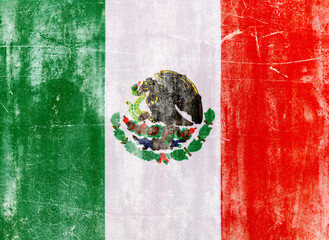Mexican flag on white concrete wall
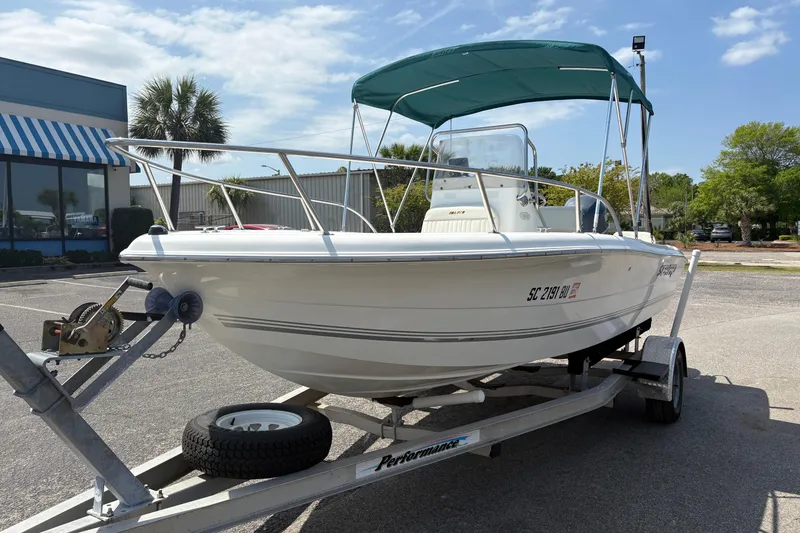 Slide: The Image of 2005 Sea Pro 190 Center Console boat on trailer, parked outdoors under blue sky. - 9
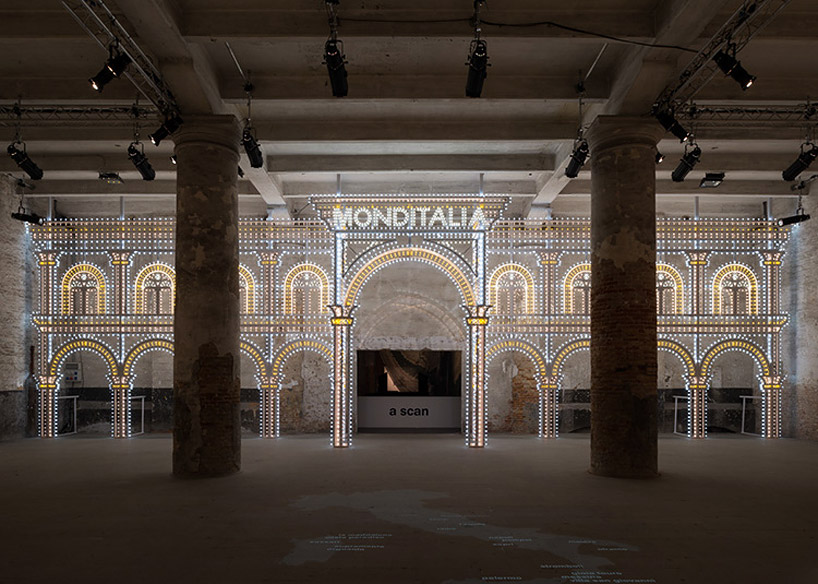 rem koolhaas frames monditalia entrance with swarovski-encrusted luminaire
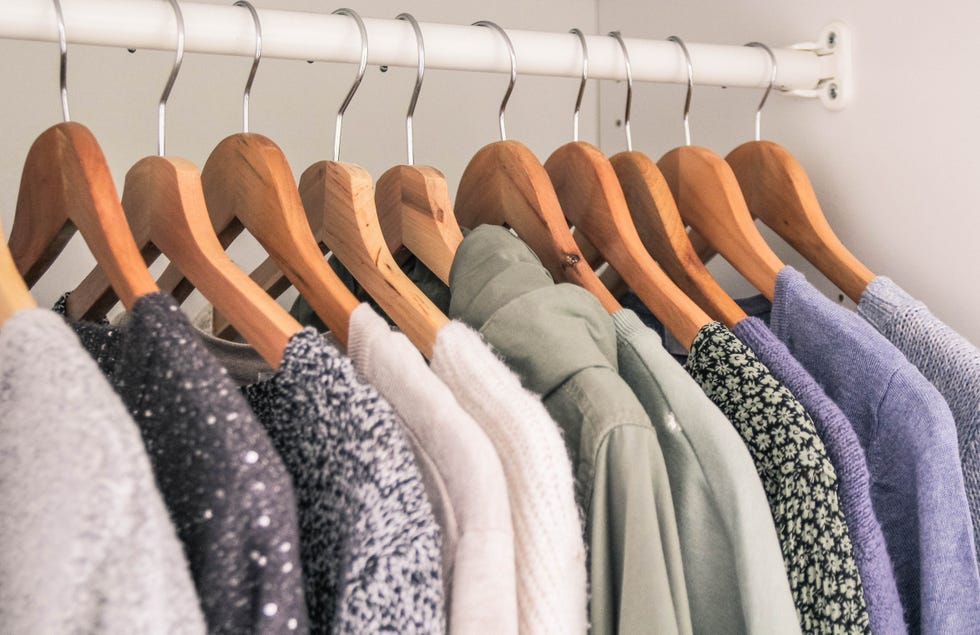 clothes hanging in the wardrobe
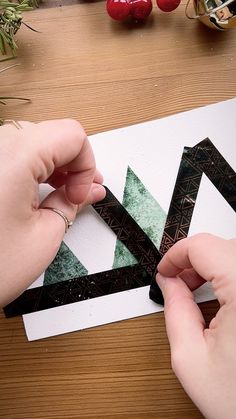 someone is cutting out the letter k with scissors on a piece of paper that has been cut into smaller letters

◆ ◆ ◆ ◆ ◆ ◆ ◆

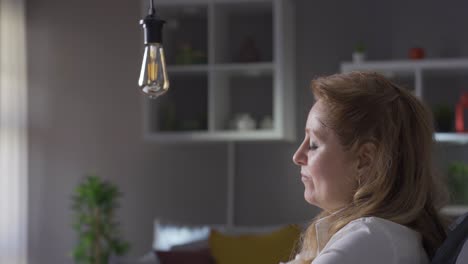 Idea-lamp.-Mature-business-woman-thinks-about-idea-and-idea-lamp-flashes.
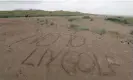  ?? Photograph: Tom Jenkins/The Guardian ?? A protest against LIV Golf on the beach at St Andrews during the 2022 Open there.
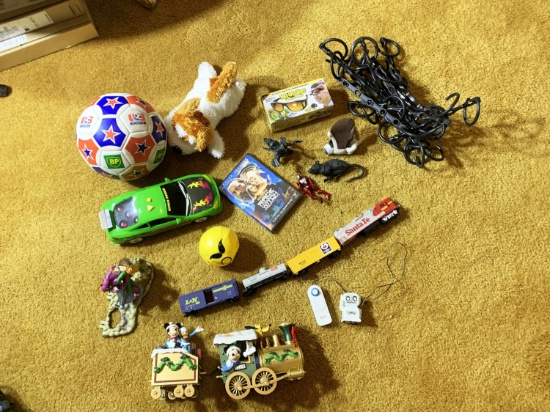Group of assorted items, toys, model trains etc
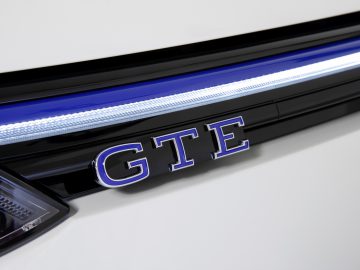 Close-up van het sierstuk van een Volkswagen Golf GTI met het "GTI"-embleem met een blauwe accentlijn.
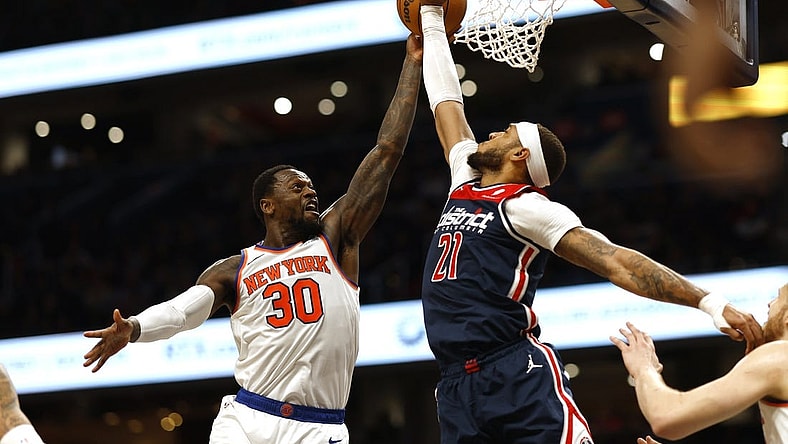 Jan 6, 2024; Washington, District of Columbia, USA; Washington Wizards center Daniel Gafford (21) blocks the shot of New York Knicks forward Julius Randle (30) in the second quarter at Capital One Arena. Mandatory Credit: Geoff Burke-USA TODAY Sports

◆ ◆ ◆ ◆ ◆ ◆ ◆

● **Work item**
Exactly as written above, retype the lines starting at the one holding "Mexican flag on white concrete wall" and ending at the one holding "someone is cutting", both included, but not the pictures.

● **Solution to this task**
Mexican flag on white concrete wall
 Slide: The Image of 2005 Sea Pro 190 Center Console boat on trailer, parked outdoors under blue sky. - 9
 rem koolhaas frames monditalia entrance with swarovski-encrusted luminaire
 clothes hanging in the wardrobe
 someone is cutting out the letter k with scissors on a piece of paper that has been cut into smaller letters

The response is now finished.